This is a subject that the government would have done well without on this Christmas Eve. Newly appointed interim Minister of Health after the resignation of Aurélien Rousseau on Wednesday, the day after the adoption of the immigration bill, Agnès Firmin Le Bodo did not wait long before getting noticed. The former MP, a pharmacist by profession, is in fact the target of a judicial investigation opened in June 2023 for having received gifts, without declaring them, from the multinational health products company Urgo. Luxury products, watches and other bottles of wine and magnums of champagne… In total, the minister would have received more than 20,000 euros in gifts between 2015 and 2020, according to Mediapart, which revealed the affair Thursday evening.

But are these practices, although known, really legal? What does the law say on the matter? There is in fact a so-called “anti-gift” law which applies specifically to healthcare professionals, and very clearly prohibits pharmacists from receiving benefits from healthcare manufacturers. According to this, it is therefore strictly prohibited to offer or promise advantages to persons producing or marketing health products listed in Article L. 5311-1 of the CSP or covered by mandatory safety regimes. social security, as well as to people providing health services. Among these health products, we find contraceptive and contragestive products, medical devices and their accessories or even cosmetic products.
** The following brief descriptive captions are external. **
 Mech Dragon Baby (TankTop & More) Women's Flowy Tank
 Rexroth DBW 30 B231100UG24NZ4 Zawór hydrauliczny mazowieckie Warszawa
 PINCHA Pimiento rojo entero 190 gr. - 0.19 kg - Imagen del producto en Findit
“The anti-gift laws, which mainly concerned doctors, were extended to pharmacists in the 2000s,” explains Philippe Besset, president of the main union of community pharmacists FSPF (Federation of Pharmaceutical Unions of France). The pharmacist “does not have the right as a natural person to receive gifts”, he adds, explaining for example that the pharmacy can very well “negotiate to have a fridge from a vaccine manufacturer, but the pharmacist does not have the right to have this same fridge at home.” “It’s a slightly subtle nuance, and despite reminders from the council of the order and the union, obviously the messages do not go through completely well,” notes the professional.
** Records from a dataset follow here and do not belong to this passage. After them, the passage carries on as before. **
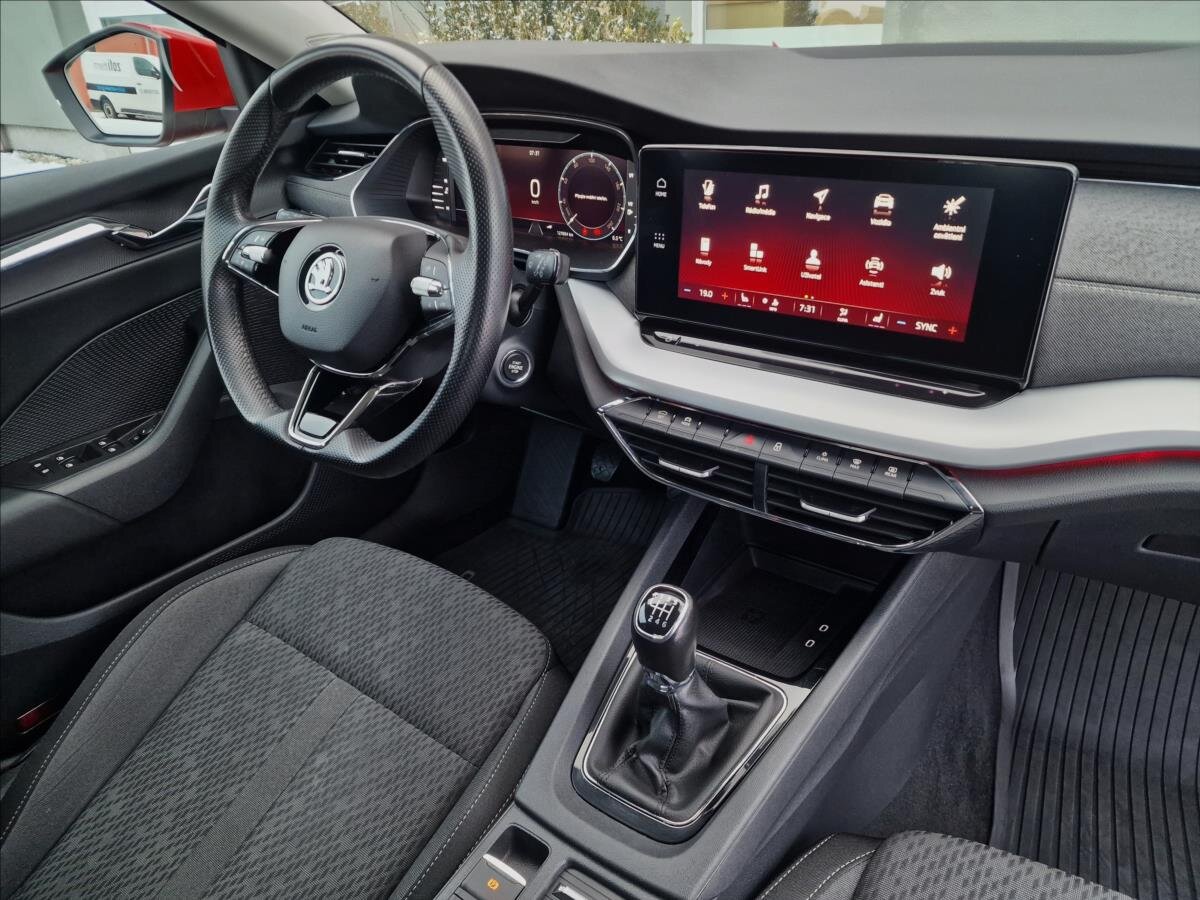 Škoda Octavia Sedan 1,5 l 110 kw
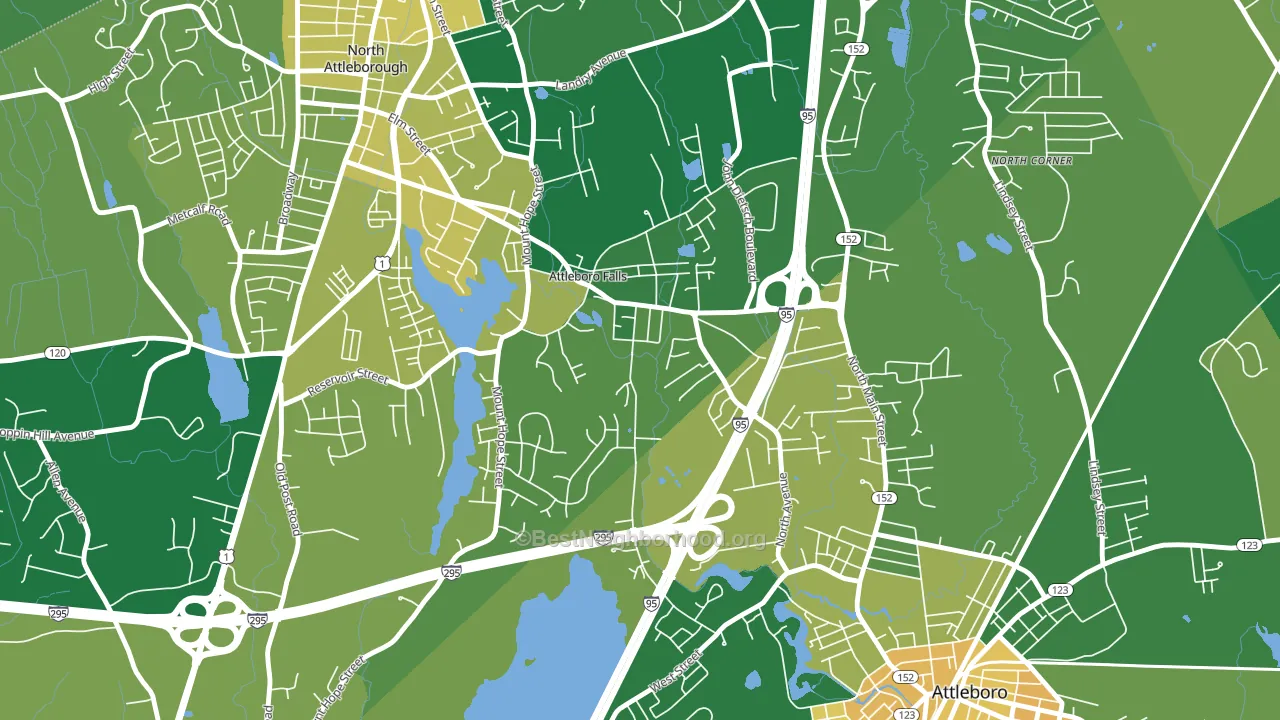 02763, MA block-group voter-turnout map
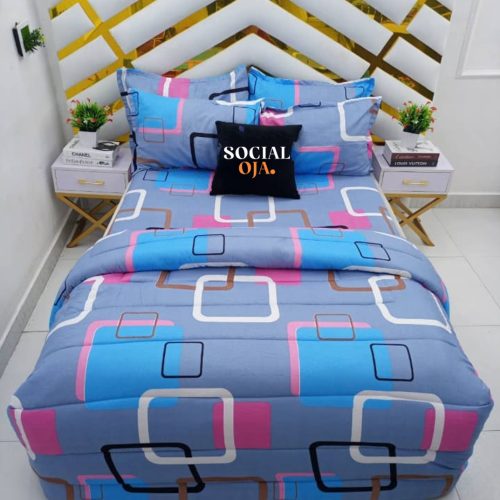 WhatsApp-Image-2022-07-23-at-10.03.42-AM5.jpg Block-Chain Flat Bedsheet and Pillowcase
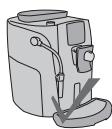 SAECO TALEA TOUCH - IN CASE OF EMERGENCY - 1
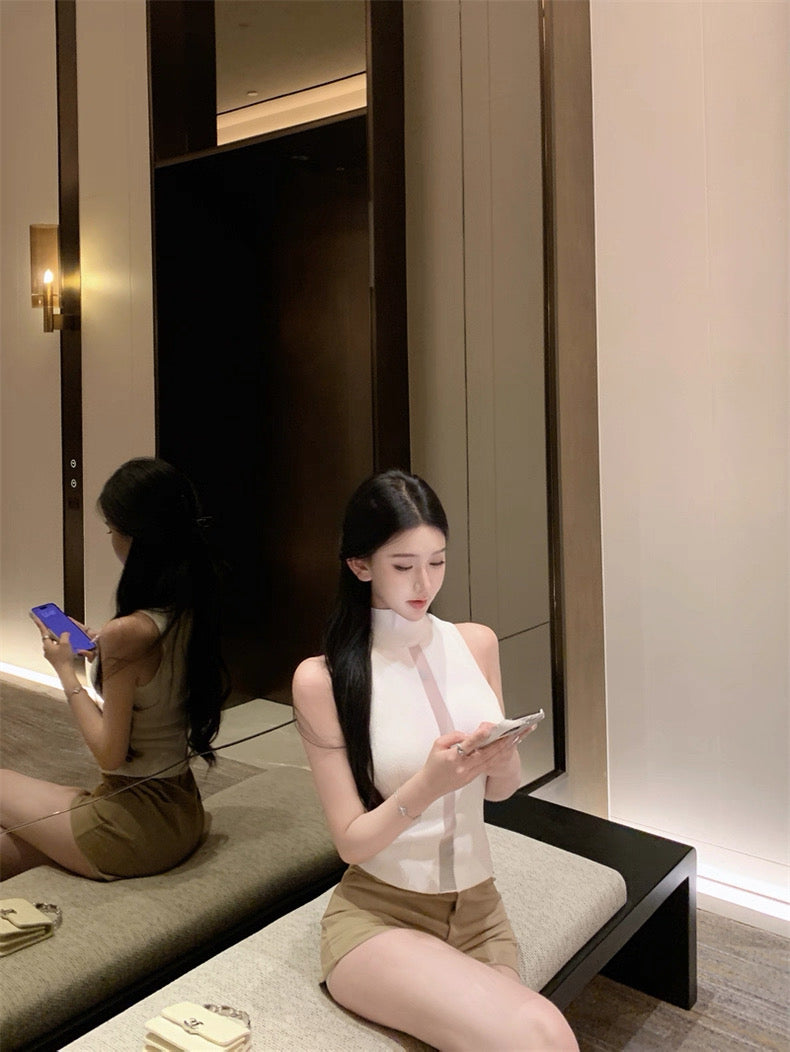 Allure Sheer Highneck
In fact, all benefits in kind are prohibited, but there are a few exceptions: either because the benefit in question is not affected by the “anti-gift” system, this is particularly the case for sums received “in within the framework of an employment contract, proceeds from the exploitation of intellectual property rights relating to a health product…”, or because the advantage has been previously declared and then authorized. To do this, it must be declared to the professional orders, before it is made public on the database called Health Transparency managed by the Ministry of Health. But only sums received in the context of research activities or service provision (as long as the remuneration is proportionate) or other donations intended to finance research activities or intended for associations unrelated to the professional object of the donor could be “authorized”. Far from champagne bottles.
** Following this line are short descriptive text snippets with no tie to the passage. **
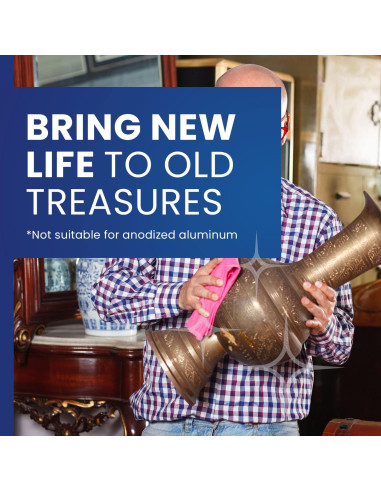 Limpiador de Metales Tri-Peek 1000ml Pulidor Multifuncional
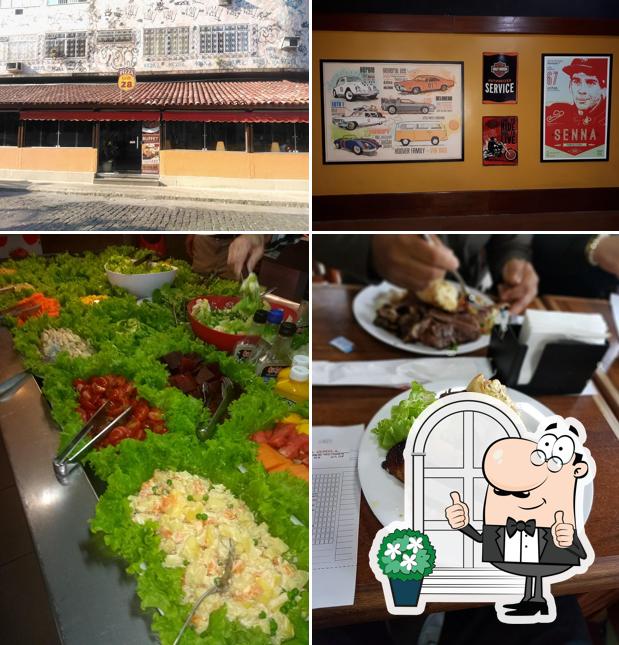 O exterior do Rota Restaurante Olaria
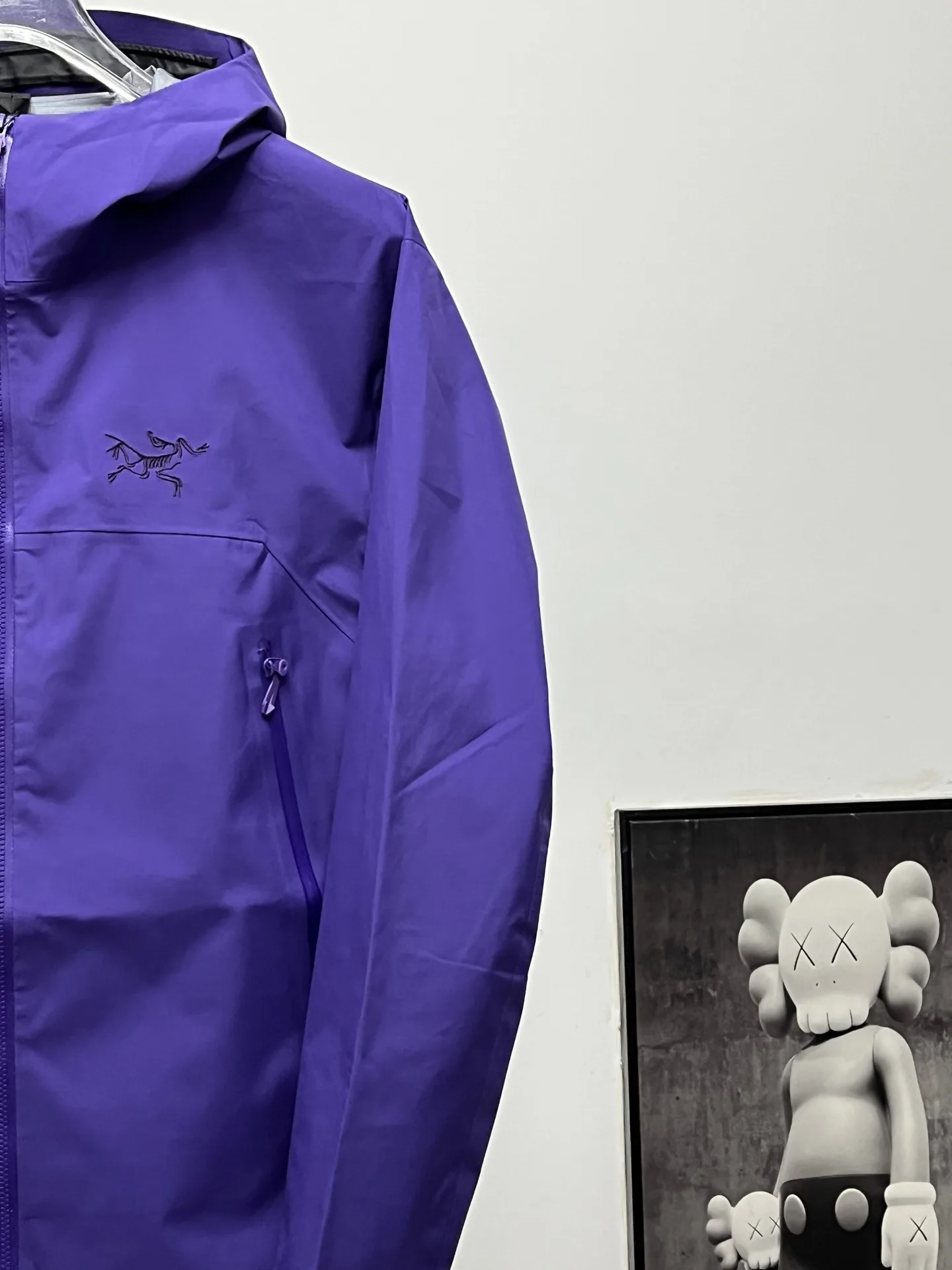 Beta GORE-TEX Hooded Shell Jacket D36023943 — view 5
“The “anti-gift” system aims to preserve the independence of health professionals,” recalls the Directorate General for Competition, Consumer Affairs and Fraud Control (DGCCRF). The regulatory authority emphasizes that this is above all “a health imperative”, only public health considerations should guide the acts of prescribing and dispensing health products. But it “also responds to an economic issue” according to the DGGCRF, for which “opaque practices for granting advantages disrupt the proper functioning of the market and ultimately increase the cost of health expenditure for the community”.

In 2021, the DGCCRF also carried out a vast investigation into compliance with the system in the medical product distribution sector. At the time, it had made it possible to uncover “the illegal practices of the URGO group”, which had “unduly offered to certain community pharmacists, throughout the national territory, more than 55 million euros of gifts between 2015 and 2021. The laboratory was fined a total of 1.125 million euros in this case by the Dijon court – including 625,000 suspended – accompanied by criminal seizures of more than 5.4 million euros. Last January, the DGCCRF explained that it was continuing its investigation “with the pharmacists involved”.